**Task prompt**
The copy you give must match the listing below exactly and contain no pictures.

**Data provided**

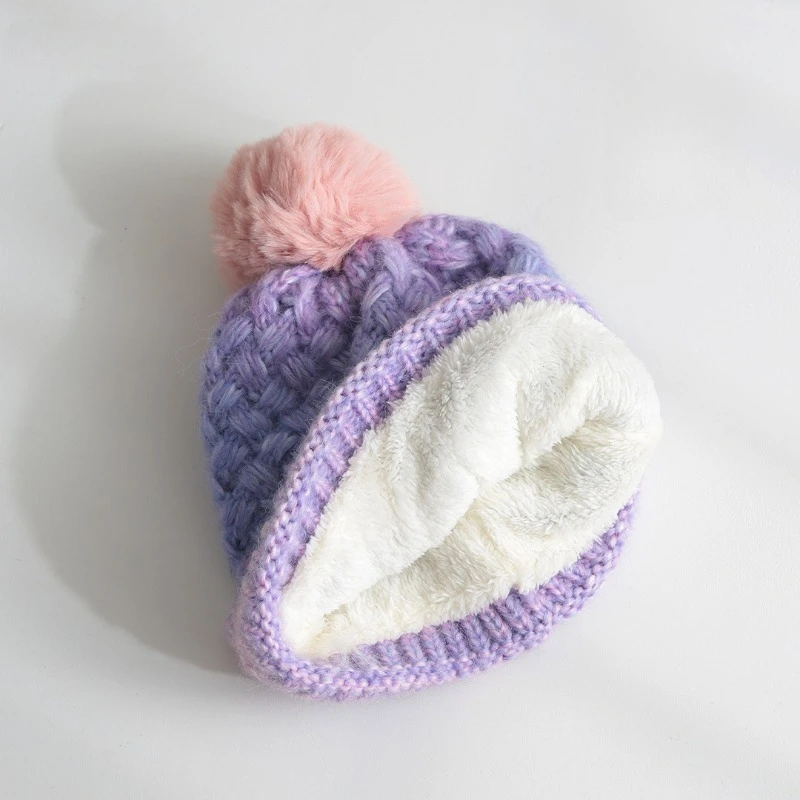2025, neue verdickte Fleece-Strickmütze mit Farbverlauf für Damen und Herren, Outdoor-Strickmütze im Kopf-Stil, warme, gemütliche Strickmütze – Detail 10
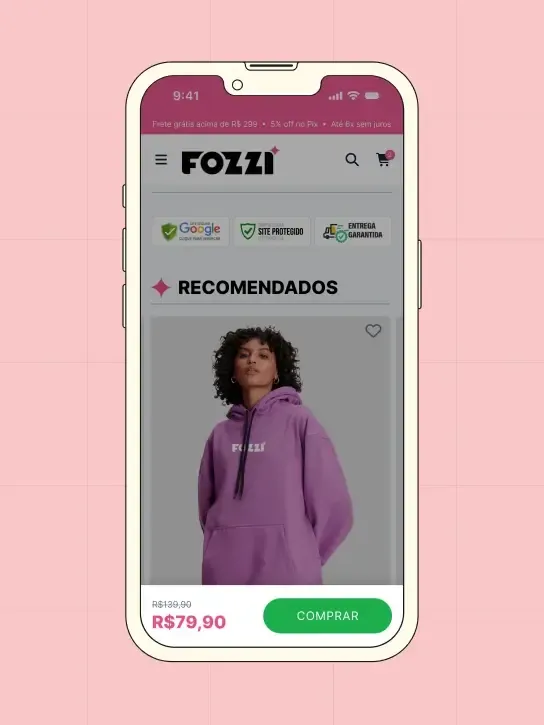 Celular: barra de compra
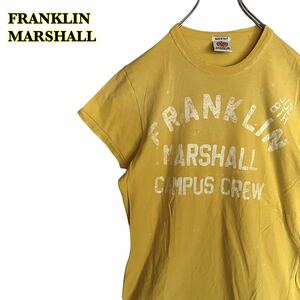 FRANKLIN MARSHALL Frank Lynn Marshall short sleeves T-shirt Logo print yellow color damage processing S size [AY1699]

**Reply**
2025, neue verdickte Fleece-Strickmütze mit Farbverlauf für Damen und Herren, Outdoor-Strickmütze im Kopf-Stil, warme, gemütliche Strickmütze – Detail 10
 Celular: barra de compra
 FRANKLIN MARSHALL Frank Lynn Marshall short sleeves T-shirt Logo print yellow color damage processing S size [AY1699]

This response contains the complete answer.